The prince and the pauper: a new twist

“If you are the CEO of a bank, you get shown the money; if you’re the CEO of an auto company, you get shown the door.” That’s the sentiment voiced by many Americans in response to the financial bailout of banks and insurers. 

And when legal experts, in defense of the bank bailouts, cited the importance of upholding the contractual agreements of those in the financial industry, some wondered, “What about the employment contracts of the people who take their showers after work?”

This double standard is what Temple History Professor Peter Gran sees when he looks at modern world history. Gran’s attempt to deal with the narrative of who has political and economic power in the world is outlined in his provocative new book, The Rise of the Rich: A New View of Modern World History (Syracuse University Press, 2009).

“If you follow the trail and look at who AIG paid off with the money they received from our government bailout, you can see that European banks take precedent over ordinary Americans. If you watch how this rescue is playing out, you can see who is getting the life boats,” he said.

Photo by Joseph V. Labolito/Temple University
Gran
   

In The Rise of the Rich, Gran challenges the long-accepted paradigm — the Rise of the West — as a means of understanding world history. He asks that we rethink the traditional Eurocentric approach which exaggerates the importance of all things Western at the expense of the Third World.

“While some world historians have sought to create a world history that is more inclusive of Third World countries, they still rely on the old ways of thinking, even as they move Africa or Asia toward the center,” said Gran.

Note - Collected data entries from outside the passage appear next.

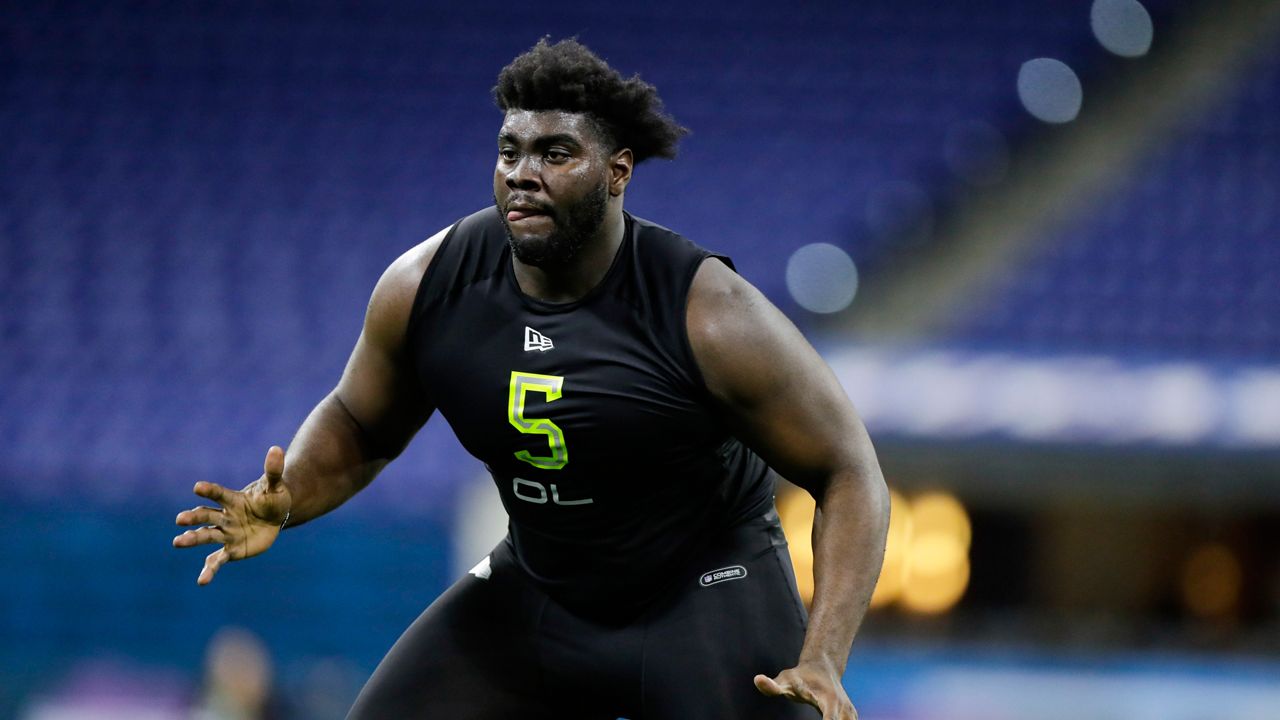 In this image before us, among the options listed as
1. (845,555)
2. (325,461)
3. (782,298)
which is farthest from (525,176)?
(782,298)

“My current book begins with the observation that the traditional story of the Rise of the West — the one we’ve been taught for generations — places too much weight on all people of the so-called West and too little on the ruling classes and power centers around the globe,” he said.

In his book, Gran attempts to reframe current historical debates by presenting a model of analysis based on the rise of the ruling classes. Instead of a history of clashing civilizations, he identifies a history of resolving conflict through negotiations and collaborations among the wealthy across geographical regions.

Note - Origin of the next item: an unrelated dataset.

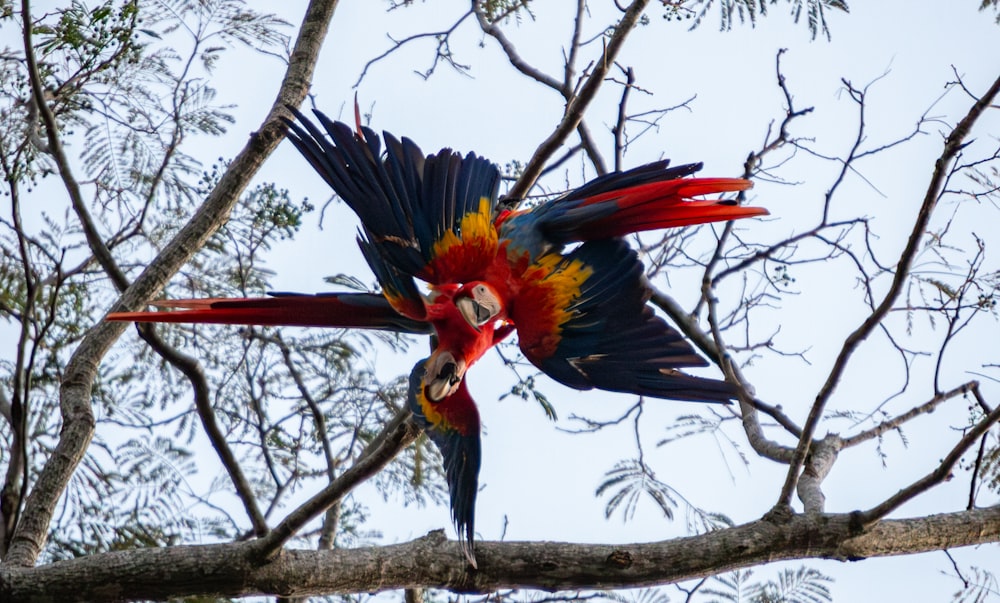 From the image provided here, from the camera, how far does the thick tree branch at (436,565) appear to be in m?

“We can see the rise of the rich play out today, for example, in the role of foreign lobbyists. The fact that anybody of influence can hire a foreign lobbyist to protect their interests in Washington shows where power is in the world,” he noted.

In his research, Gran found that the rise of modern capitalism rested on collaboration among the ruling classes throughout the world. “Without such collaborations there would have been no overseas markets for early capitalists to sell to or expand into and no organized arena for plunder,” Gran said.

According to Gran, by the eighteenth century, more and more ruling classes from around the world, in countries such as Egypt and India, followed a course of strategic consumerism. They found it in their interest to buy new-style goods made in Western Europe as part of their foreign policy. Thus, they would take the raw goods previously turned over to local artisans, sell those raw goods to Europe and then buy the finished goods from Europe, for political reasons.

“This had the effect of securing an alliance among the ruling classes and creating an economic crisis for the urban masses,” said Gran. “By the early nineteenth century, Indian textile workers, like Egyptian artisans, found themselves unemployed while the rulers were living a life of luxury.”

As an expert in modern Egyptian history, who has also spent a great deal of time living there, Gran says that his experiences in the Middle East provide him with a unique vantage point. “Egypt has not been sleeping,” he noted.

“One clearly sees a local dominant class which has international influence,” said Gran. “A tour of historic homes of dominant individuals from the seventeenth through the nineteenth centuries gives an impression of how they lived. This perspective should be included when we think about world history today.”

Gran is a professor of History, in the College of Liberal Arts.